### WHAT THE EXERCISE ASKS
Please transcribe the data below exactly. Leave the pictures out.

### COLLECTED MATERIAL
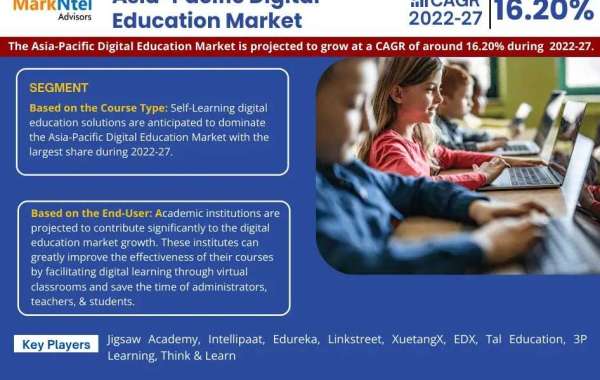 Research Shows Asia-Pacific Digital Education Market Set to Expand by 16.20% CAGR until 2027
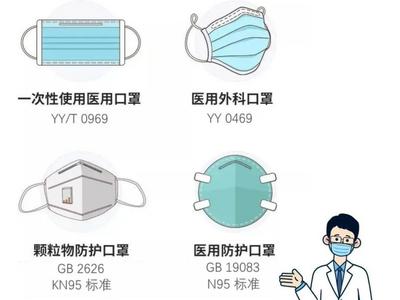 戴着口罩能吹灭打火机？这口罩失效了么？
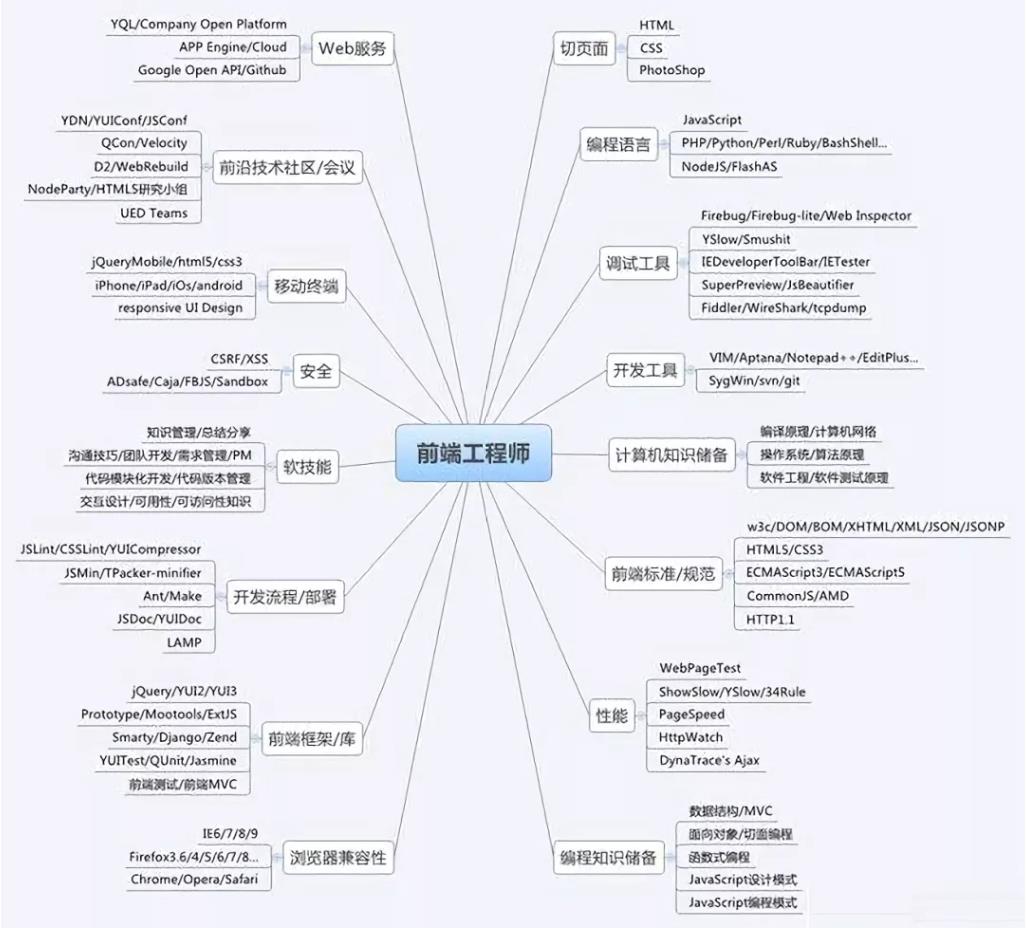为什么那么多自学WEB前端的人后来都放弃了？ (1).jpg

### EXERCISE SOLUTION
 Research Shows Asia-Pacific Digital Education Market Set to Expand by 16.20% CAGR until 2027
 戴着口罩能吹灭打火机？这口罩失效了么？
为什么那么多自学WEB前端的人后来都放弃了？ (1).jpg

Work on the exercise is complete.